Task directions: Word for word, copy the line containing "Sonata H Черен" and each line after it in the records below, ending with the last line.

[Items from a data source]
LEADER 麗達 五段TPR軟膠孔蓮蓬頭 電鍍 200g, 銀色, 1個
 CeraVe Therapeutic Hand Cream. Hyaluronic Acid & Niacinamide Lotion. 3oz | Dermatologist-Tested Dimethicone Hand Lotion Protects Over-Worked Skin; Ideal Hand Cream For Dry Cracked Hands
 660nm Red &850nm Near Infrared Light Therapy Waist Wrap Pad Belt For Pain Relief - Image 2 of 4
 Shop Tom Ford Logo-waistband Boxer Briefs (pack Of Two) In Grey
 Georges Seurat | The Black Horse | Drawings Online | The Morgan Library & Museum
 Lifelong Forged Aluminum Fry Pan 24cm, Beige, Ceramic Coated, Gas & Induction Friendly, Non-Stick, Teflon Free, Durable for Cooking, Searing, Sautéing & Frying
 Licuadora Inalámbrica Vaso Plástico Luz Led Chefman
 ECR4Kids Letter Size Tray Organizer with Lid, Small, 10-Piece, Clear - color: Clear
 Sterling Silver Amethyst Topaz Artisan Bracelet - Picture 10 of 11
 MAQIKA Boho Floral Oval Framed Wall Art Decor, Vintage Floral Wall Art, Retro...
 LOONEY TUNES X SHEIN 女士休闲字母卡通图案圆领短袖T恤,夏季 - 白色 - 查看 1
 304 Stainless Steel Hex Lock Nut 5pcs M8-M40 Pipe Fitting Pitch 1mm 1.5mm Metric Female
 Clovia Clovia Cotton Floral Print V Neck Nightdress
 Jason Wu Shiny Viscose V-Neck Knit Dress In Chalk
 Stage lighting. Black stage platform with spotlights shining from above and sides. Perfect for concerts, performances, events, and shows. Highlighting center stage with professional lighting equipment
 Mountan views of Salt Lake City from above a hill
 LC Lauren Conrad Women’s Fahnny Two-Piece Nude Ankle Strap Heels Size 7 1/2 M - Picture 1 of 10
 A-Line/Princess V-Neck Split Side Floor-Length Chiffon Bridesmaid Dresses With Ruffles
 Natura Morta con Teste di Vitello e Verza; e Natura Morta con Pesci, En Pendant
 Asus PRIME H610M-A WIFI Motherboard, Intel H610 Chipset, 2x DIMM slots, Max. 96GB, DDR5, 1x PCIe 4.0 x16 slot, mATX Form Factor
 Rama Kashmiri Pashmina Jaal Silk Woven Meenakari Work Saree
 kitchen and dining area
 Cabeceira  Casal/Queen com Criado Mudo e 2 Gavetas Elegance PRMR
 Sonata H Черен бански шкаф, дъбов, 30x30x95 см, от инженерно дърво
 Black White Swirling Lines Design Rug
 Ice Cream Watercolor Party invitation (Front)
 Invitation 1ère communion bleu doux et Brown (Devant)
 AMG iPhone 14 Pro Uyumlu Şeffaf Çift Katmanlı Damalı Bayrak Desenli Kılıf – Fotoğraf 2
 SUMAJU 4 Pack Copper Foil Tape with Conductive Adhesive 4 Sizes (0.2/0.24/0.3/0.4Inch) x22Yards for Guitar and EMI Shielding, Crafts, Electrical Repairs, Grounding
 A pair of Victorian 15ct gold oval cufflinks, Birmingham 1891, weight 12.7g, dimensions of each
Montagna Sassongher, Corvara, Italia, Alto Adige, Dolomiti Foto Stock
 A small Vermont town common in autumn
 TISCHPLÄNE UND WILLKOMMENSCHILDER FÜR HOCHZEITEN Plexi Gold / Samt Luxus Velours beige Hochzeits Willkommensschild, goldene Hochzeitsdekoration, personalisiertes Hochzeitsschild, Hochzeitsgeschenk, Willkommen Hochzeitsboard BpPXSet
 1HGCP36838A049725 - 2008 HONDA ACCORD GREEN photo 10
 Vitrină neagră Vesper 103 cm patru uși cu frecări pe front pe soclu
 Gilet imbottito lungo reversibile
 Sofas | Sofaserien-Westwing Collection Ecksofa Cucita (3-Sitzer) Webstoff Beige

Response to the exercise:
 Sonata H Черен бански шкаф, дъбов, 30x30x95 см, от инженерно дърво
 Black White Swirling Lines Design Rug
 Ice Cream Watercolor Party invitation (Front)
 Invitation 1ère communion bleu doux et Brown (Devant)
 AMG iPhone 14 Pro Uyumlu Şeffaf Çift Katmanlı Damalı Bayrak Desenli Kılıf – Fotoğraf 2
 SUMAJU 4 Pack Copper Foil Tape with Conductive Adhesive 4 Sizes (0.2/0.24/0.3/0.4Inch) x22Yards for Guitar and EMI Shielding, Crafts, Electrical Repairs, Grounding
 A pair of Victorian 15ct gold oval cufflinks, Birmingham 1891, weight 12.7g, dimensions of each
Montagna Sassongher, Corvara, Italia, Alto Adige, Dolomiti Foto Stock
 A small Vermont town common in autumn
 TISCHPLÄNE UND WILLKOMMENSCHILDER FÜR HOCHZEITEN Plexi Gold / Samt Luxus Velours beige Hochzeits Willkommensschild, goldene Hochzeitsdekoration, personalisiertes Hochzeitsschild, Hochzeitsgeschenk, Willkommen Hochzeitsboard BpPXSet
 1HGCP36838A049725 - 2008 HONDA ACCORD GREEN photo 10
 Vitrină neagră Vesper 103 cm patru uși cu frecări pe front pe soclu
 Gilet imbottito lungo reversibile
 Sofas | Sofaserien-Westwing Collection Ecksofa Cucita (3-Sitzer) Webstoff Beige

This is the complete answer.